* WORK INSTRUCTION
Return a faithful copy of all the entries, omitting the images.

==== DATA FOR ANALYSIS ====

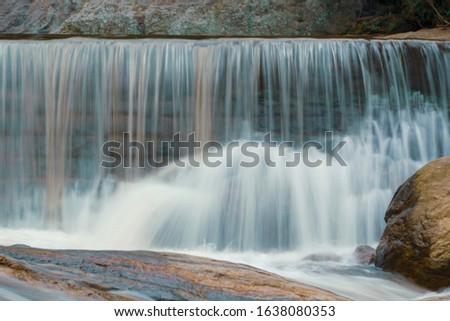 kurangini Madurai Tamilnadu India motion blur waterfalls beautiful sunny day bright forest meadows rocks 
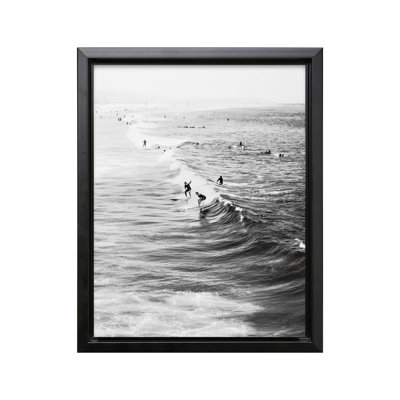 Surfers Riding Waves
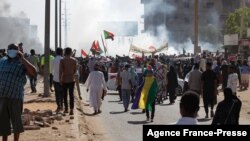 Penentang kudeta militer mengibarkan bendera nasional saat melakukan protes di Khartoum Utara, Sudan, 13 November 2021.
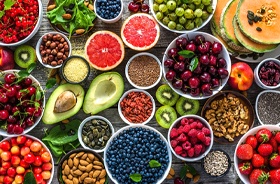 Colorful variety of healthy food laid out on countertop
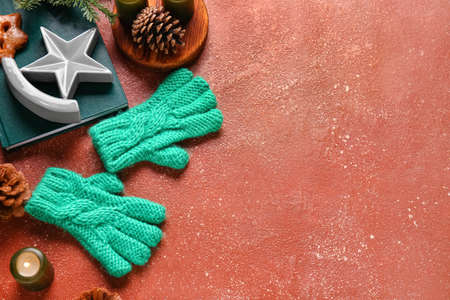 Warm gloves, burning candle, book and Christmas decor on red backgroundの写真素材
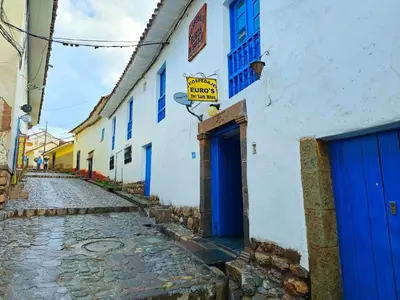 an alley with blue doors on a white building at Hospedaje Euro's De San Blas in Cusco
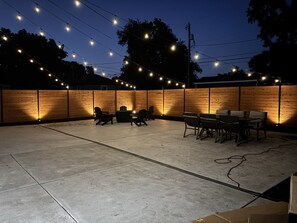 An outdoor patio area with string lights, a wooden fence, and outdoor furniture.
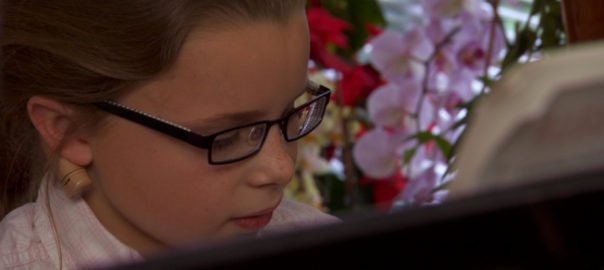 A girl plays the piano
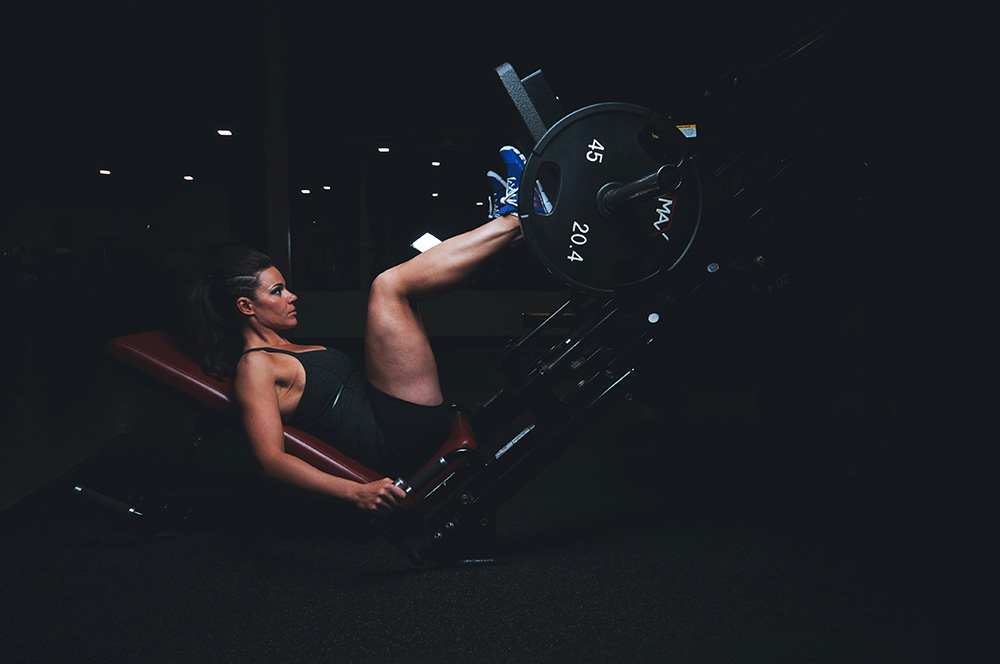 Woman using leg press machine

====

* THE COMPLETED TASK
 kurangini Madurai Tamilnadu India motion blur waterfalls beautiful sunny day bright forest meadows rocks 
 Surfers Riding Waves
 Penentang kudeta militer mengibarkan bendera nasional saat melakukan protes di Khartoum Utara, Sudan, 13 November 2021.
 Colorful variety of healthy food laid out on countertop
 Warm gloves, burning candle, book and Christmas decor on red backgroundの写真素材
 an alley with blue doors on a white building at Hospedaje Euro's De San Blas in Cusco
 An outdoor patio area with string lights, a wooden fence, and outdoor furniture.
 A girl plays the piano
 Woman using leg press machine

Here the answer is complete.